Están los libros que nos empujan a escribir. No los que nos generan deseo (una larga lista) sino aquellos que, perentorios, nos exigen, como si ellos fueran un vasto interrogante, una respuesta ficcional. Los planetas pertenece, en mi experiencia de lectura, a esta categoría. Recuerdo haberla leído hace más de diez años por primera vez. La pedí prestada en la biblioteca y durante una semana la transité con absoluto desconcierto ¿Qué era ese libro en el que nada tenía precisión, en el que todo podía ser en cualquier momento otra cosa? Por momentos árida, por momentos confusa, por momentos brillante, esa lectura me resultó fastidiosa. Hoy sé que aquel fastidio era el mismo que sentimos cuando empezamos a enamorarnos; un no saber qué, o por qué; un azoramiento incómodo. Pocos meses después volví a llevarla. El resultado fue peor. Leí otras cosas, como suele suceder, pero Los planetas estaba ejerciendo en mí una gravitación astrológica, según la cual todo movimiento de lectura quedaba subsumido al influjo de la novela que, como un astro gigantesco, ponía lo demás a orbitar en torno suyo. La tercera vez fue la vencida. O el vencido fui yo, más bien. El amor no es un sentimiento sino una sensación en el cuerpo, incómoda, confusa, poderosa. El recorrido anímico del narrador, ubicuo y distante al mismo tiempo, que encara la ímproba tarea de recordar a un amigo ausente; el movimiento astronómico de los personajes por una ciudad que se parece mucho al espacio exterior, hecha de lugares conocidos extrañados hasta lo remoto; la proliferación de relatos que se superponen, se cruzan, colisionan; todo eso fue enamorándome. Y cuando debí rendirme a la evidencia de que había caído en sus redes, comprendí que allí estaba todo lo que necesitaba para escribir ¿Por qué? No sabría precisarlo. Sólo sé que cada vez que me reencuentro con Los planetas reavivo aquel amor y vuelvo a “tirar unas líneas” como tiran acordes los músicos en una improvisación. Eso fue, quizá: la forma en que todo parece improvisado, el movimiento casual que sin embargo no permite que nada se detenga, lo inconcluso como ideal. Tengo un temor reverencial por Los planetas.

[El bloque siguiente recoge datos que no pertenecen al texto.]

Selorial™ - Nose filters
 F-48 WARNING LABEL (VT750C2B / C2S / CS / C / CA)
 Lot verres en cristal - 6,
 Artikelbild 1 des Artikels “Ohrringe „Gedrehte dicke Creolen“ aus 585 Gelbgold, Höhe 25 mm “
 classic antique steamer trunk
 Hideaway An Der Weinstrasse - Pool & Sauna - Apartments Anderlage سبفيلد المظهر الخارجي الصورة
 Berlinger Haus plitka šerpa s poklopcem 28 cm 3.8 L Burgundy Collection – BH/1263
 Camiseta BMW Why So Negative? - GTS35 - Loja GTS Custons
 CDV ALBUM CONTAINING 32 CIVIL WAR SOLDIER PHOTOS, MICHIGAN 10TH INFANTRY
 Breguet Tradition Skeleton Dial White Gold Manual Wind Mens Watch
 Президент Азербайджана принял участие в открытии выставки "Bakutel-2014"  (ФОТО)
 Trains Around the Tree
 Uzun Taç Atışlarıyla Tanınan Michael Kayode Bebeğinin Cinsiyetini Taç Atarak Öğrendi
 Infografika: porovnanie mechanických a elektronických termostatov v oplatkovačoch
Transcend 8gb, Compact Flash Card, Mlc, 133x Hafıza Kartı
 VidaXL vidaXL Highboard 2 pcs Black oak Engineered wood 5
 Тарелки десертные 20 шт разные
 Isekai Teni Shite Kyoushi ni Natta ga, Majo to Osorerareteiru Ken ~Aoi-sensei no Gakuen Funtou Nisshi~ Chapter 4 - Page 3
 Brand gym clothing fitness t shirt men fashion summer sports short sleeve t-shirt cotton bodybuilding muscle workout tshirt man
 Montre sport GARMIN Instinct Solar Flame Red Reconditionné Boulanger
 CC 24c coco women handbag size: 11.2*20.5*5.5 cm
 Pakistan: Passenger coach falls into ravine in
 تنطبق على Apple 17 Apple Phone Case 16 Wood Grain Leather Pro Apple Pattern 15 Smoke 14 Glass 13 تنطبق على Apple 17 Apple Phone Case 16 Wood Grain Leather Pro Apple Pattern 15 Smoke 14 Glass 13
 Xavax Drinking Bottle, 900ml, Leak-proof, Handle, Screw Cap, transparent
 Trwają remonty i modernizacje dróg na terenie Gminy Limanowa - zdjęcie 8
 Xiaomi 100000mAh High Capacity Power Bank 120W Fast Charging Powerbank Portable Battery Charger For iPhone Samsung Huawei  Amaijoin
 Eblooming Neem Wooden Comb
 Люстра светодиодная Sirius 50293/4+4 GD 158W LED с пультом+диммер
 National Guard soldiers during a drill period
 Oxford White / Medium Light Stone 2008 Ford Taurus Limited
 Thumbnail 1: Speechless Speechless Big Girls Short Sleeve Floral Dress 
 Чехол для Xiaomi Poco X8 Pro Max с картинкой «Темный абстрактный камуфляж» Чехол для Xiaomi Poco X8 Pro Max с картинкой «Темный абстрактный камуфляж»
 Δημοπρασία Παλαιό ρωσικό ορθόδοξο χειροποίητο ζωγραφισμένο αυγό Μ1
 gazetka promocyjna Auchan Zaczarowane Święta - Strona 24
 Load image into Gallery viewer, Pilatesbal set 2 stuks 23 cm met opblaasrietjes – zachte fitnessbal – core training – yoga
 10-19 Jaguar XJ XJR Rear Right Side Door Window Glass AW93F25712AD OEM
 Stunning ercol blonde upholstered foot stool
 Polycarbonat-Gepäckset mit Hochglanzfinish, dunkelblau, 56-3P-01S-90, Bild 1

Es  un libro que me llama todo el tiempo, posesivo, al que sólo puedo sustraerme con más escritura.  Y aunque me han dicho que no, que todo lo contrario, que de ninguna manera, sigo creyendo que agrego capítulos innecesarios, pero para mí imprescindibles, a ese sistema que flota a la deriva en el cosmos de los libros que venero.